WHAT IS NEEDED:
Everything in the entries except the pictures must be repeated exactly.

─── SUPPLIED RECORDS

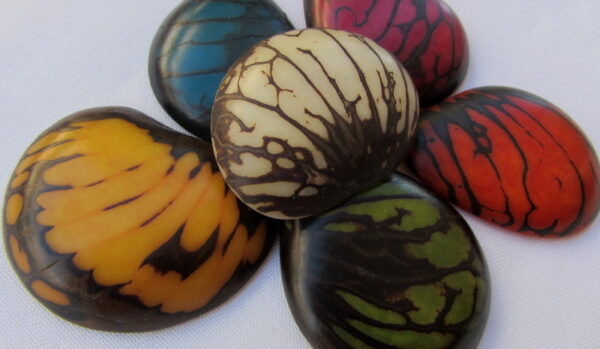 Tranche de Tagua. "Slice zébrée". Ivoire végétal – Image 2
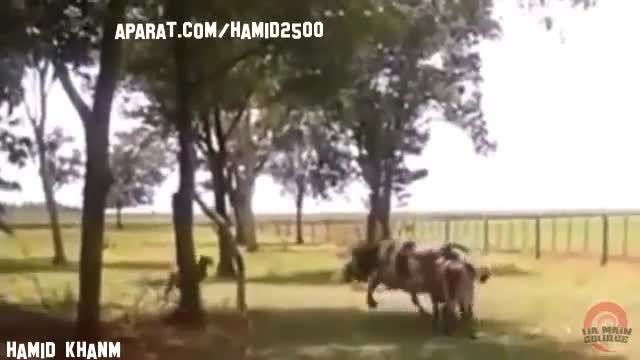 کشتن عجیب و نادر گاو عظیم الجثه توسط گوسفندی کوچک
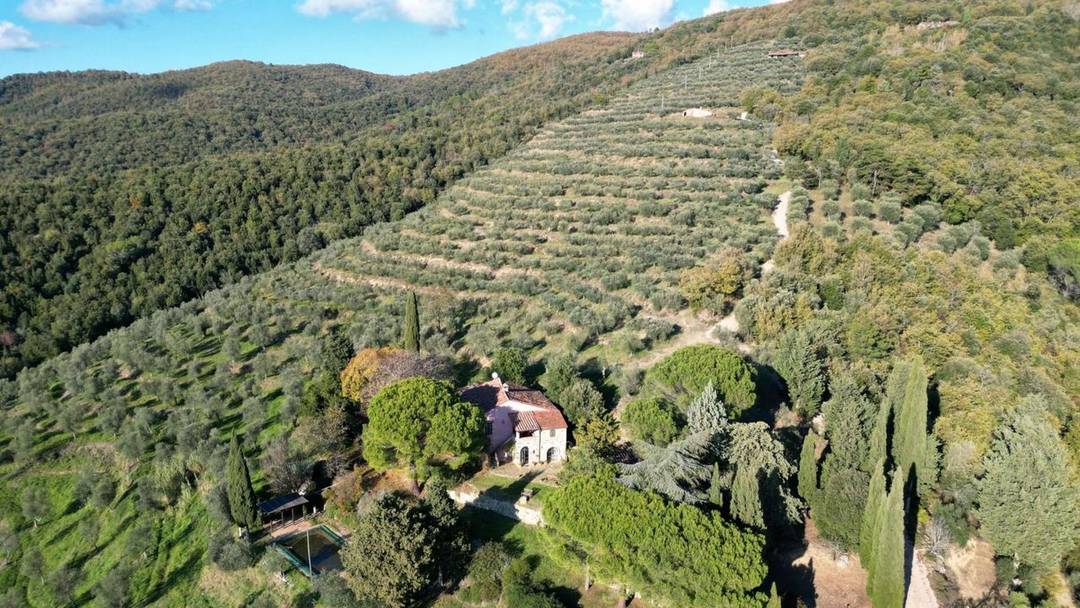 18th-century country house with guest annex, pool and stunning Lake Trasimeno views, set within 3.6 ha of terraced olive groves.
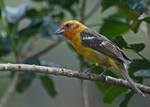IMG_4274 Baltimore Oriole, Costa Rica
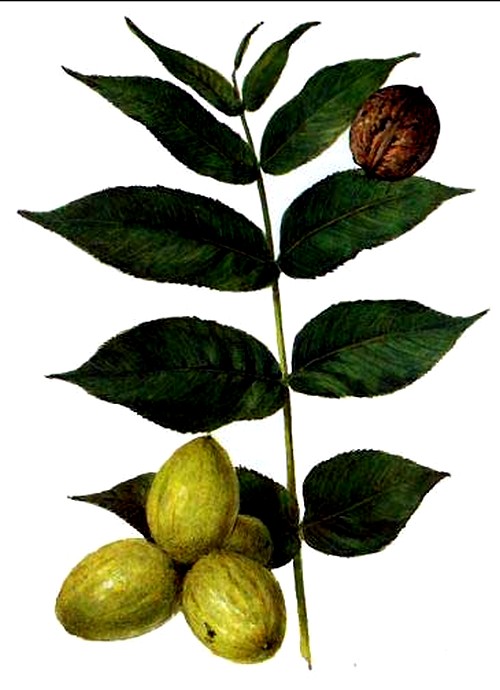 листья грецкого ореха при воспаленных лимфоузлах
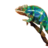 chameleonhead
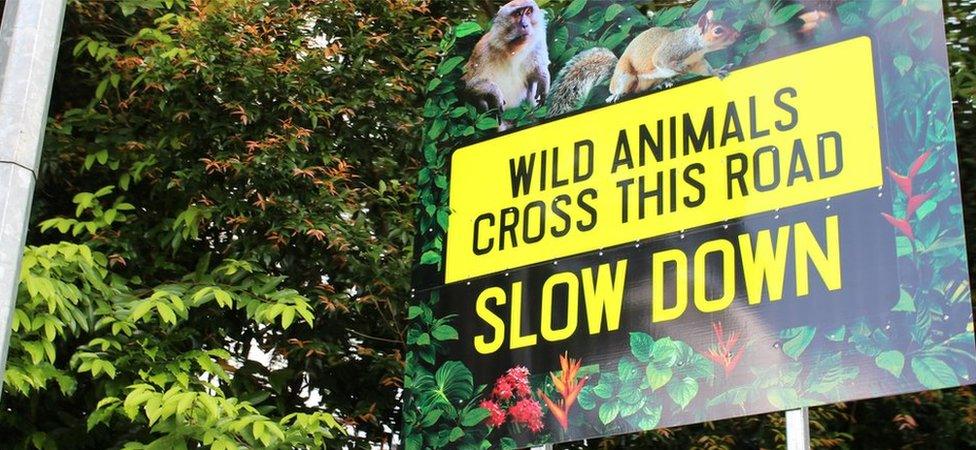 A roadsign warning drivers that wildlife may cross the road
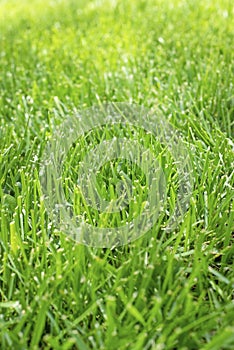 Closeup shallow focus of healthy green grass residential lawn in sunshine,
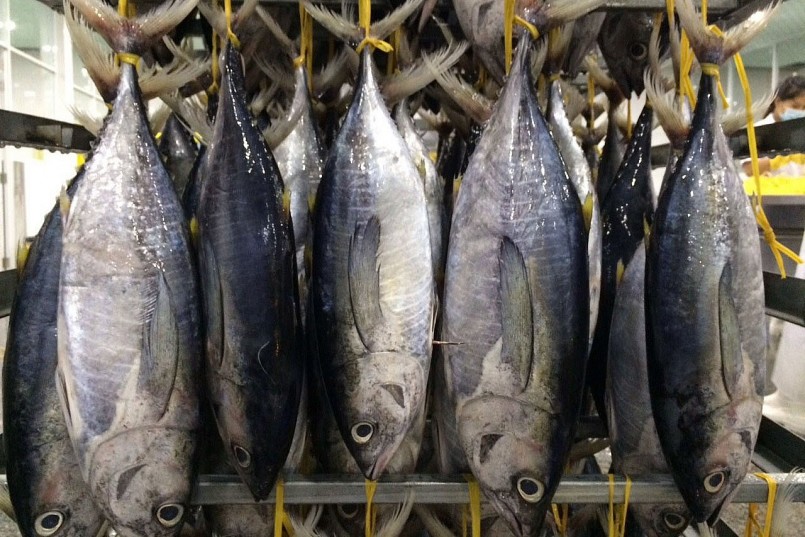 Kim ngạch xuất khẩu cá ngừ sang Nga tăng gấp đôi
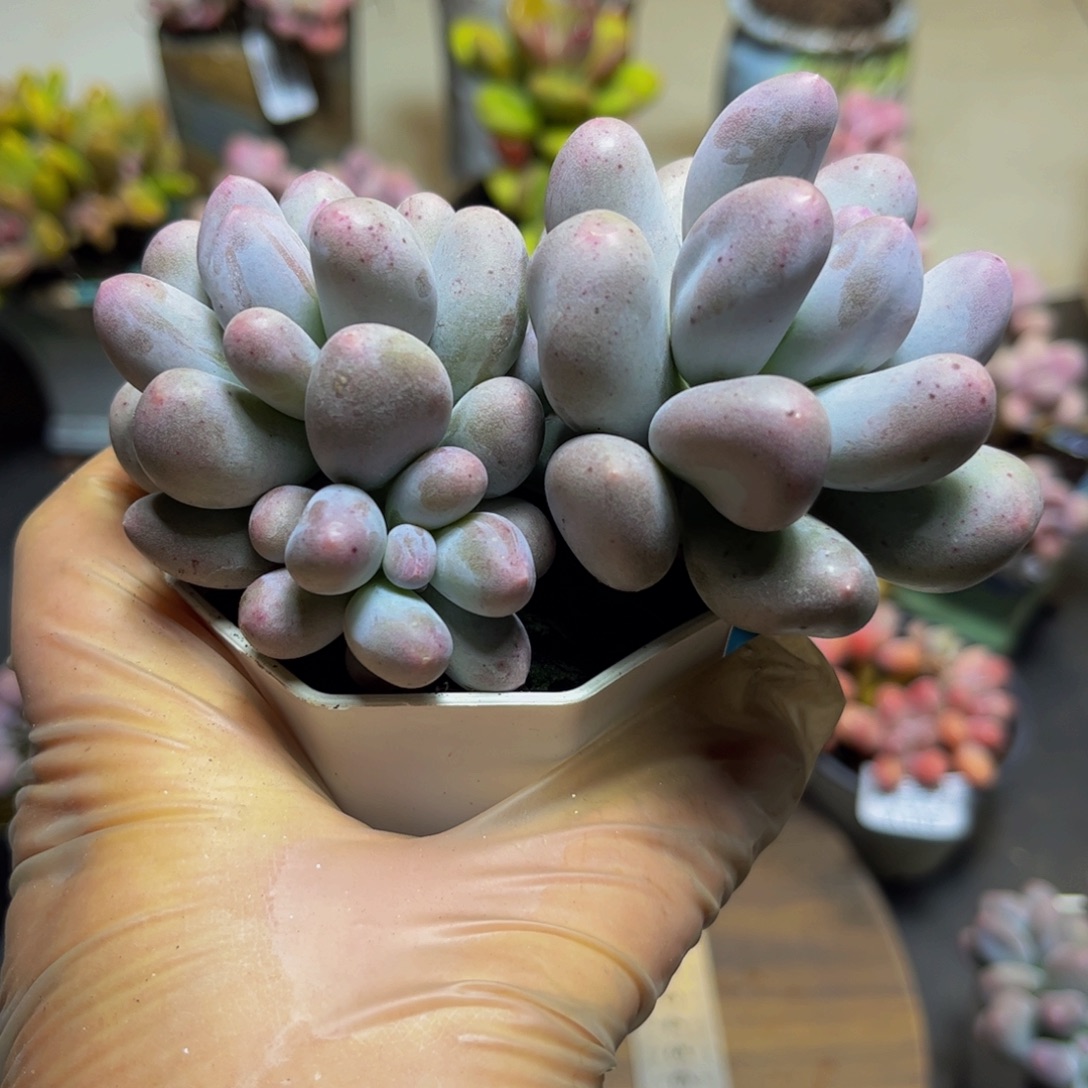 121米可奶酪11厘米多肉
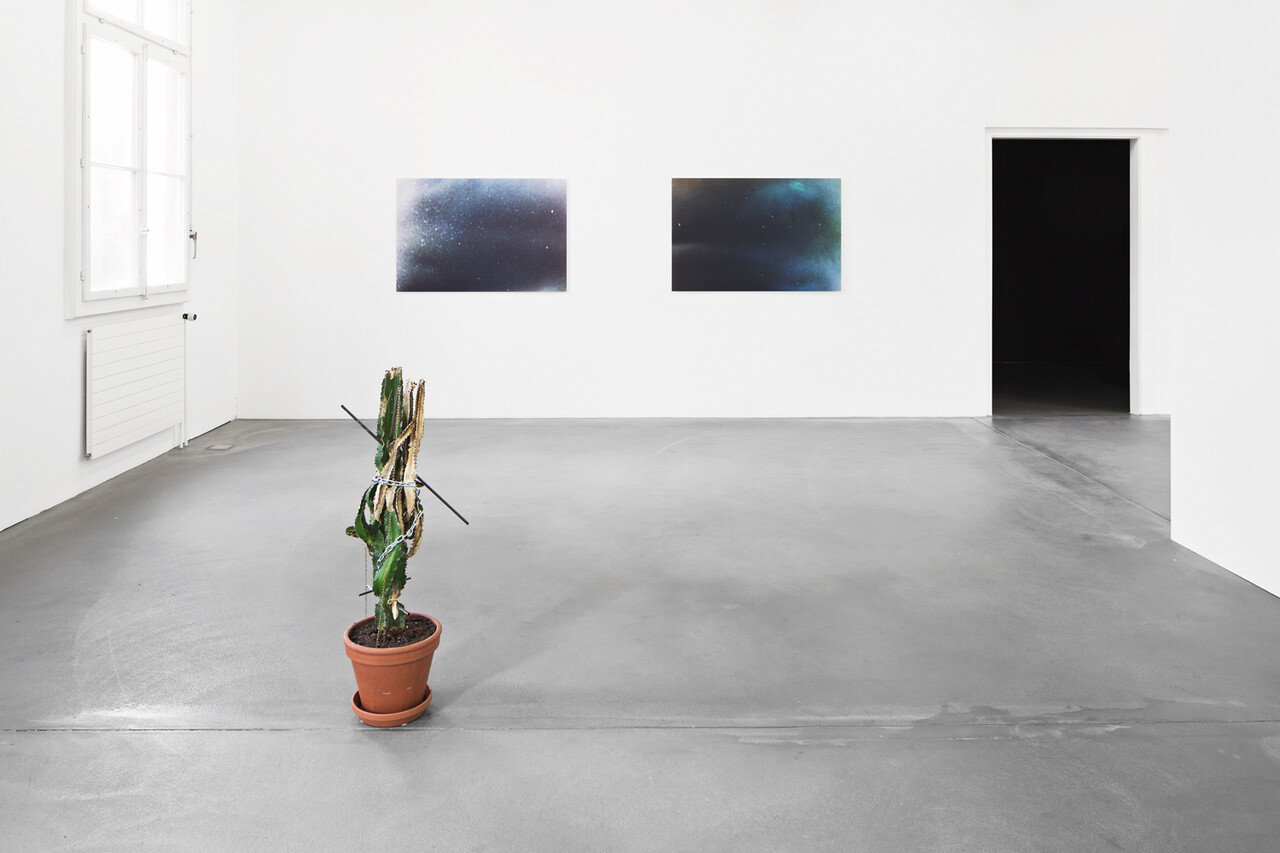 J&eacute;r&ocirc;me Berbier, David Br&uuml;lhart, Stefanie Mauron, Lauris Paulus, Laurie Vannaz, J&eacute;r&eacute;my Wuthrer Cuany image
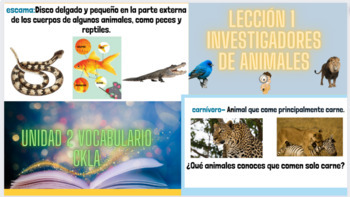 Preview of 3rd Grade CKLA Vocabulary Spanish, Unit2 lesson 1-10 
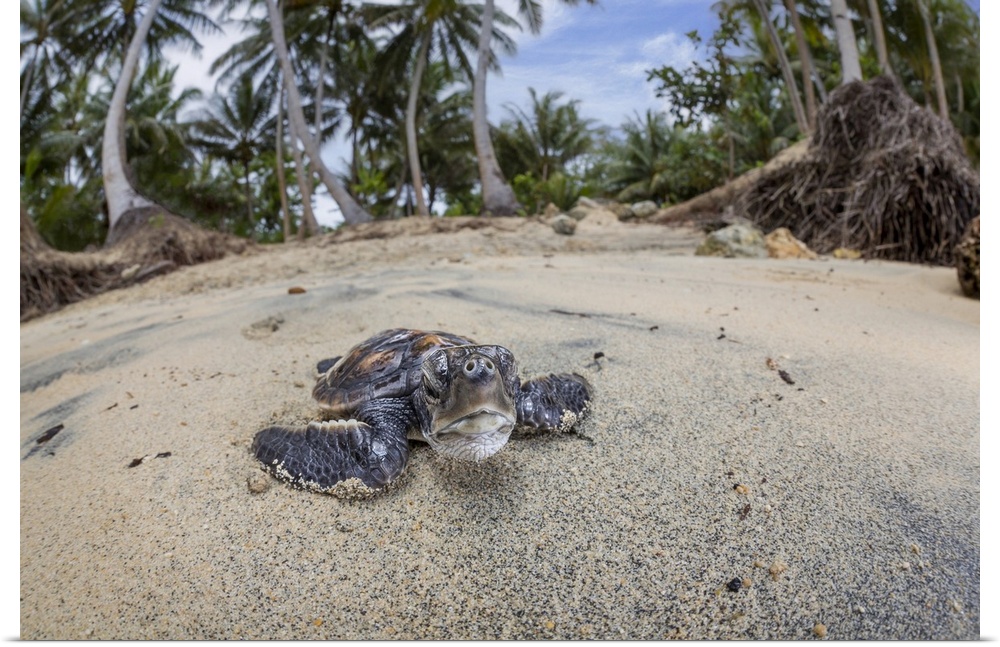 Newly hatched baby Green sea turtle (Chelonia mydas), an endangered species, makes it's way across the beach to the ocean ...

──────

OUTPUT:
 Tranche de Tagua. "Slice zébrée". Ivoire végétal – Image 2
 کشتن عجیب و نادر گاو عظیم الجثه توسط گوسفندی کوچک
 18th-century country house with guest annex, pool and stunning Lake Trasimeno views, set within 3.6 ha of terraced olive groves.
IMG_4274 Baltimore Oriole, Costa Rica
 листья грецкого ореха при воспаленных лимфоузлах
 chameleonhead
 A roadsign warning drivers that wildlife may cross the road
 Closeup shallow focus of healthy green grass residential lawn in sunshine,
 Kim ngạch xuất khẩu cá ngừ sang Nga tăng gấp đôi
 121米可奶酪11厘米多肉
 J&eacute;r&ocirc;me Berbier, David Br&uuml;lhart, Stefanie Mauron, Lauris Paulus, Laurie Vannaz, J&eacute;r&eacute;my Wuthrer Cuany image
 Preview of 3rd Grade CKLA Vocabulary Spanish, Unit2 lesson 1-10 
 Newly hatched baby Green sea turtle (Chelonia mydas), an endangered species, makes it's way across the beach to the ocean ...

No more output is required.